Posted to dev@kafka.apache.org by Bruno Cadonna <br...@confluent.io> on 2020/08/11 07:25:28 UTC

Re: [DISCUSS] KIP-647: Add ability to handle late messages in streams-aggregation

Hi Igor,

Thanks for the KIP!

Similar to Matthias, I am also wondering why you rejected the more 
general solution involving a callback. I also think that writing to a 
topic is just one of multiple ways to handle late records. For example, 
one could compute statistics over the late records before or instead 
writing the records to a topic. Or it could write the records to a 
database to analyse.

Best,
Bruno

On 28.07.20 05:14, Matthias J. Sax wrote:
> Thanks for the KIP Igor.
> 
> What you propose sounds a little bit like a "dead-letter-queue" pattern.
> Thus, I am wondering if we should try to do a built-in
> "dead-letter-queue" feature that would be general purpose?
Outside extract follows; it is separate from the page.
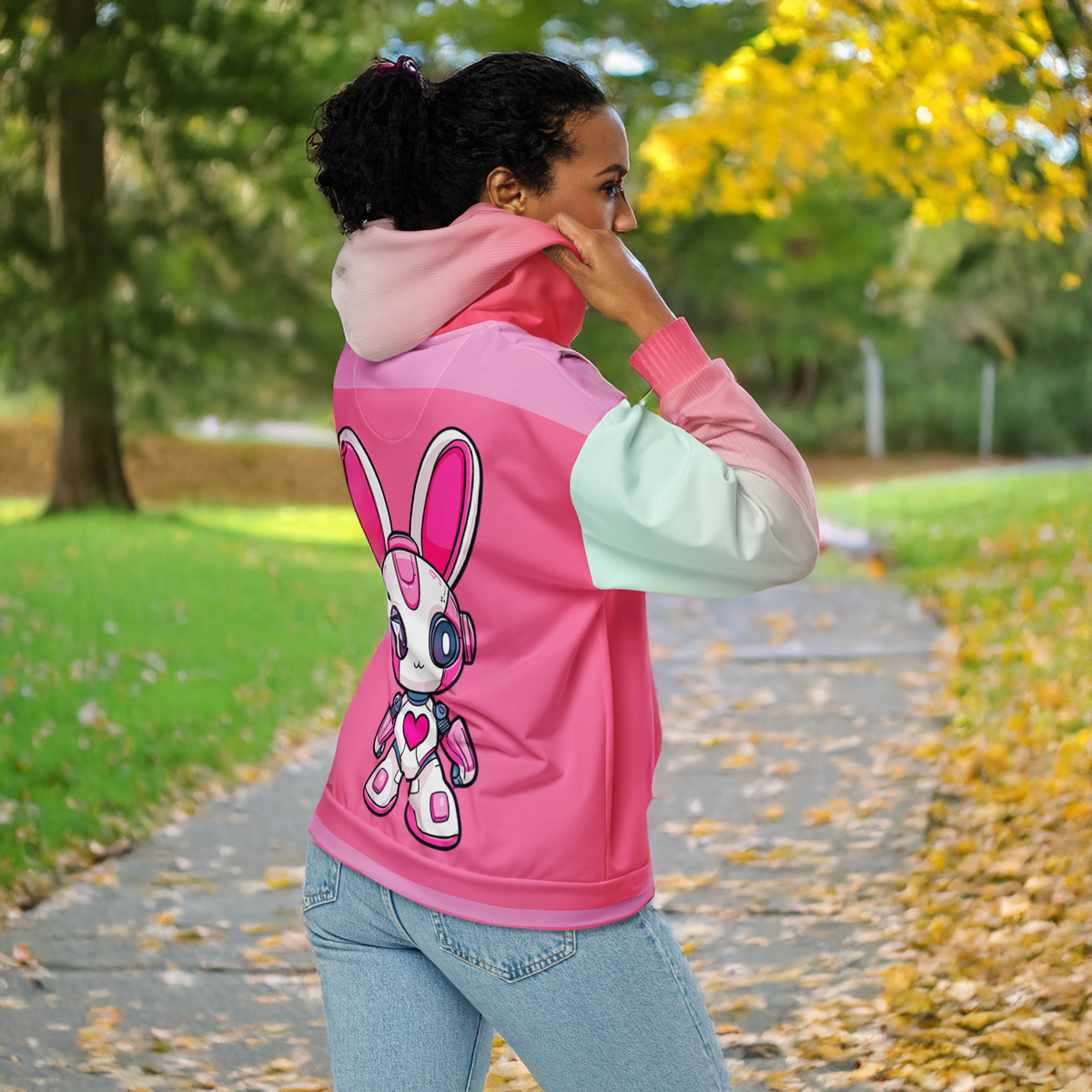 Nova the Heartbot - Unisex All - Over Print Zip Hoodie - BBairt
For example,
> uses can drop message in the source node if they don't have a valid
> timestamp or if a deserialization error occurs and face a similar issue
> for those cases (even if it might be a little simpler to handle those
> cases, as custom user code is executed).
> 
> For a general purpose DLQ, the feature should be expose at the Processor
> API level though, and the DSL would just use this feature (instead of
> introducing it as a DSL feature).
> 
> Late records are of course only defined at the DSL level as for the PAPI
> users need to define custom semantics. Also, late records are not really
> corrupted. However, the pattern seems similar enough, ie, piping late
> data into a topic is just a special case for a DLQ?
> 
> I am also wondering, if piping late records into a DLQ is the only way
> to handle them? For example, I could imagine that a user just wants to
> trigger a side-effect (similar to what you mention in rejected
> alternatives)? Or maybe a user might even want to somehow process those
> record and feed them back into the actually processing pipeline.
> 
> Last, a DLQ is only useful if somebody consumes from the topic and does
> something with the data. Can you elaborate on the use-case how a user
> would use the preserved late records?
> 
> 
> 
> -Matthias
> 
> On 7/27/20 1:45 AM, Igor Piddubnyi wrote:
>> Hi everybody,
>> I would like to start off the discussion for KIP-647:
>> https://cwiki.apache.org/confluence/display/KAFKA/KIP-647%3A+Add+ability+to+handle+late+messages+in+streams-aggregation
>> <https://cwiki.apache.org/confluence/display/KAFKA/KIP-594%3A+Expose+output+topic+names+from+TopologyTestDriver>
>>
>>
>> This KIP proposes a minor adjustment in the kafka-streams
>> aggregation-api, adding an ability for processing late messages.
>> [WIP] PR here:https://github.com/apache/kafka/pull/9017
>>
>> Please check.
>> Regards, Igor.
>>
>>
>>
>>
>

Re: [DISCUSS] KIP-647: Add ability to handle late messages in streams-aggregation

Posted by "Matthias J. Sax" <mj...@apache.org>.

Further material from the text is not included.